Department of Radiology, Beth Israel Deaconess Medical Center, Boston, MA 02215, USA.
J Ultrasound Med. 2009 Dec;28(12):1629-37. doi: 10.7863/jum.2009.28.12.1629.
The purpose of this study was to evaluate the importance of echogenic material in the fetal frontal horns.

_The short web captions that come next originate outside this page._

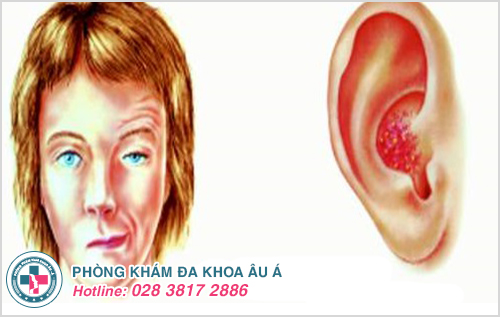 Bệnh zona ở tai: Hình ảnh nguyên nhân dấu hiệu cách chữa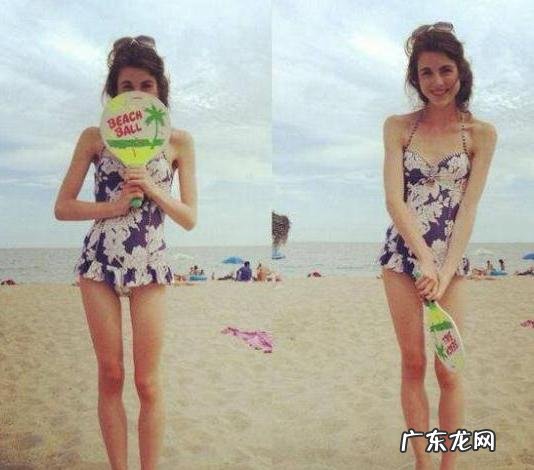 英国威尔士的女孩减肥得厌食症 减肥患厌食症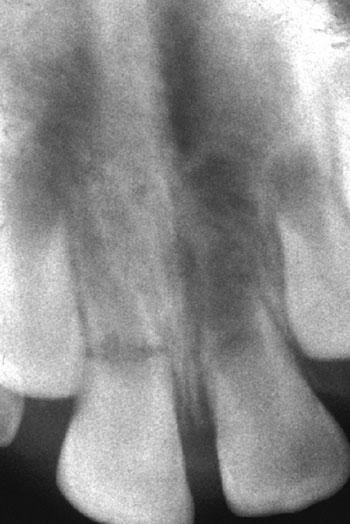 Figure 2 Periapical radiograph revealing horizontal root fracture at the level of the middle third of the maxillary right central incisor and incomplete root development of both maxillary central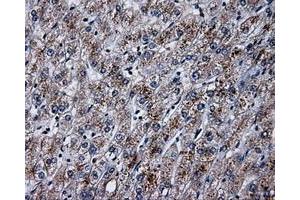 Immunohistochemical staining of paraffin-embedded pancreas tissue using anti-PLEKmouse monoclonal antibody. (Pleckstrin antibody)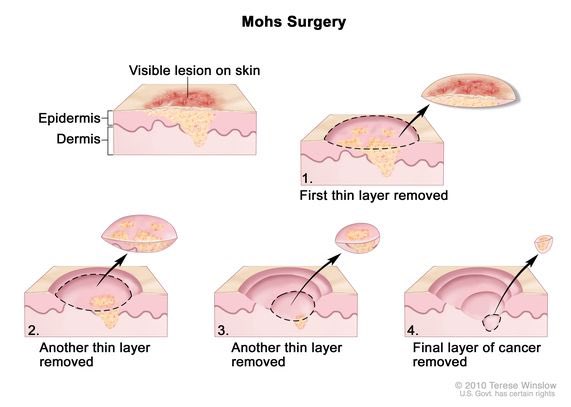 Treatment of skin cancer. These include surgery (usually under a local anaesthetic), ointments, radiotherapy, cryotherapy, curettage (scraping), or cautery (burning) and intralesional chemotherapy. Always consult a medical professional for the best option. #SkinCancerAwareness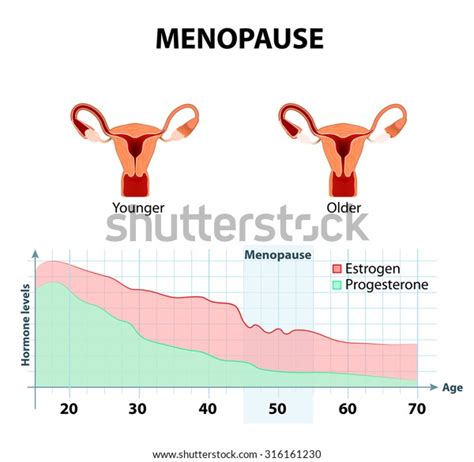 Fluctuation Hormones That Occurs During Menopause Stock Vector Royalty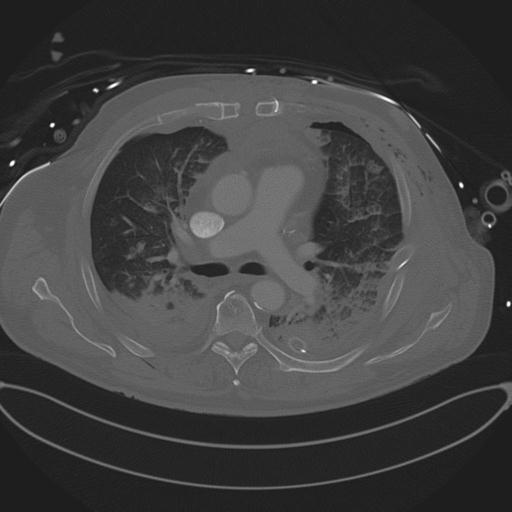 Cardiac trauma (Radiopaedia 32874-33858 Axial bone window 38).jpg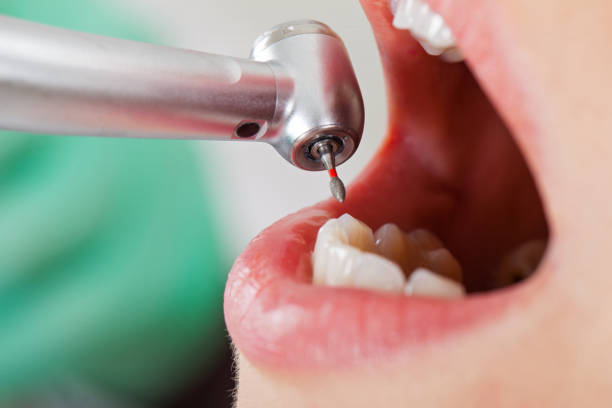 Best Emergency Wisdom Tooth Extraction in Portola Valley, CA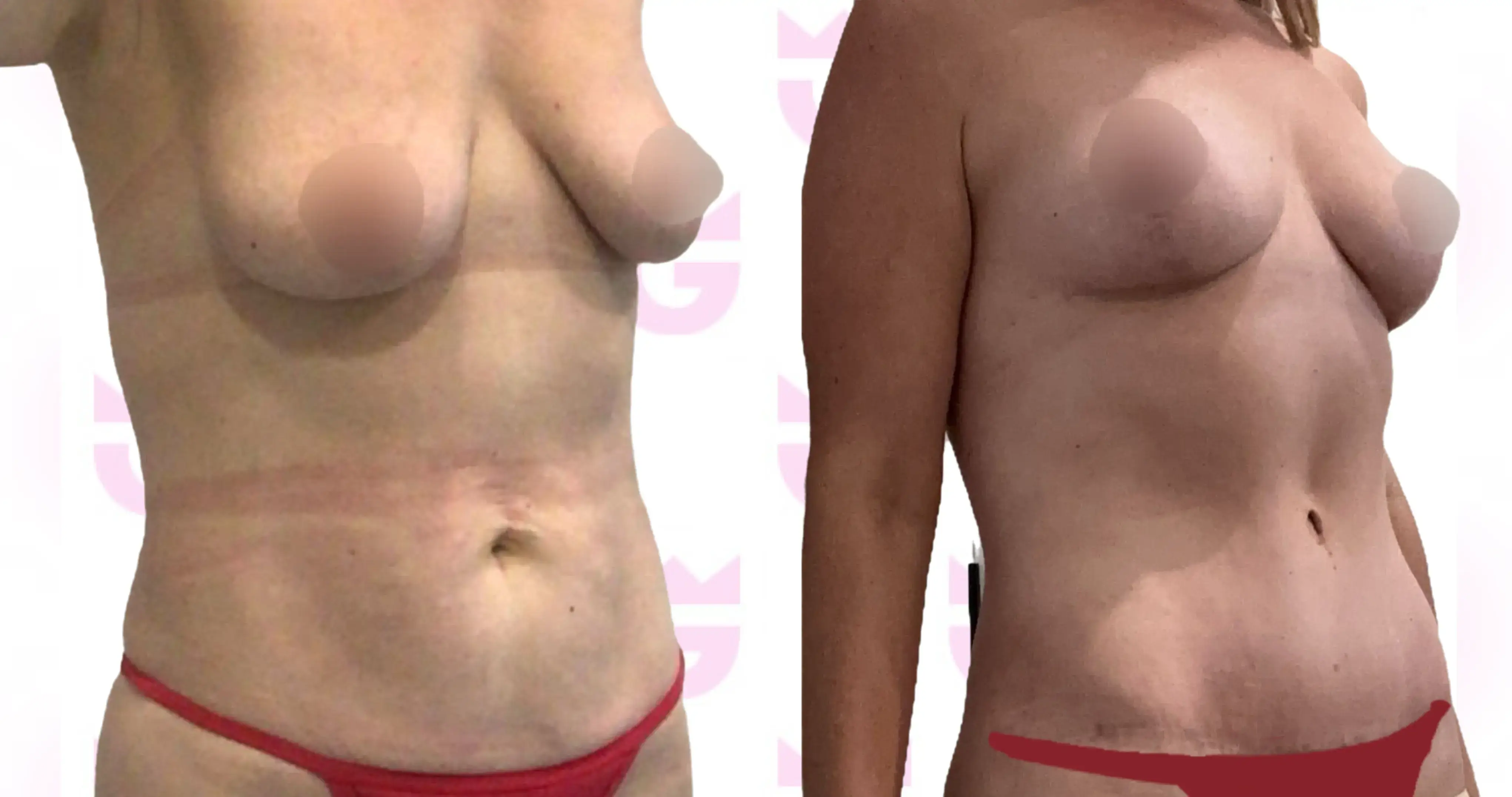 Breast Lift Gallery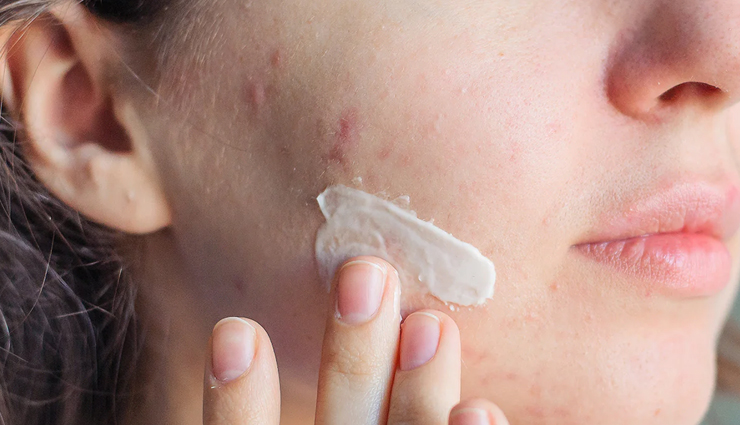 comedonal acne causes,treating comedonal acne,preventing comedonal acne,comedonal acne treatment options,how to manage comedonal acne,blackheads and whiteheads treatment,skincare for acne-prone skin,non-comedogenic skincare products,preventing clogged pores,healthy skincare practices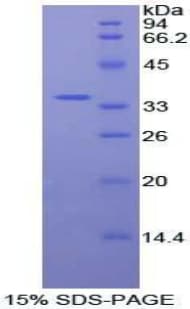 Human AKT2 Protein (Recombinant His-T7)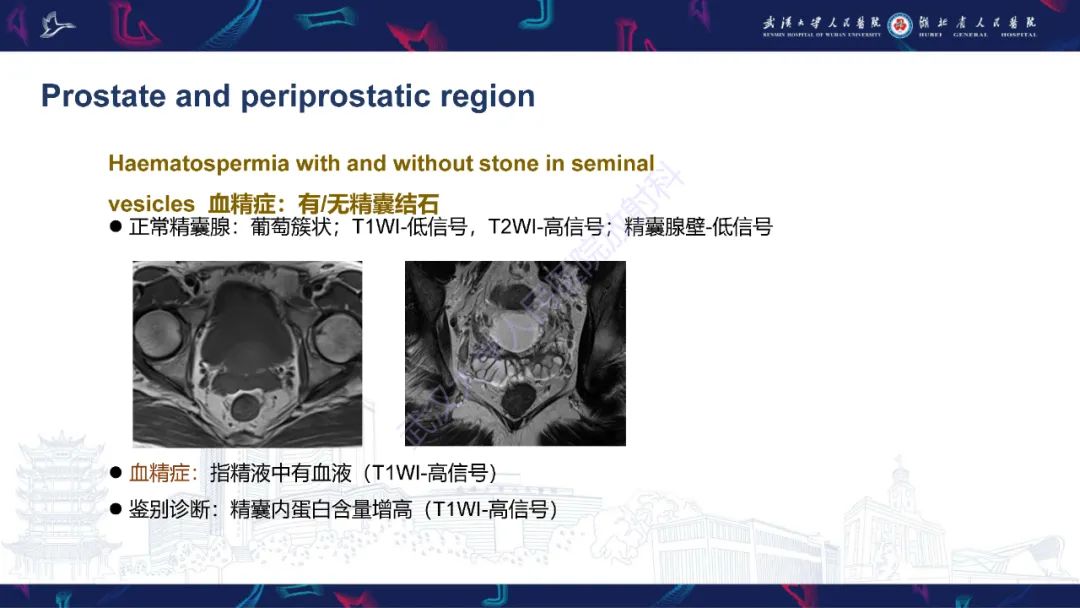影像PPT - 【PPT】前列腺周围病变MRI诊断-9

This was a Health Insurance Portability and Accountability Act-compliant, Institutional Review Board-approved retrospective study. In part 1 of the study, prenatal sonography, prenatal magnetic resonance imaging (MRI), and birth outcomes of 17 fetuses (mean gestational age, 19 weeks; range, 15-34 weeks) with prospective echogenic material in the frontal horns were assessed. In part 2, 400 consecutive sonographic fetal surveys (mean gestational age, 19 weeks; range, 15-38 weeks) were reviewed to determine the incidence. In part 3, 2 independent reviewers assessed the appearance of the frontal horns in 40 fetuses (20 with suspected intraventricular hemorrhage from parts 1 and 2 and 20 who were interpreted to have normal findings in part 2).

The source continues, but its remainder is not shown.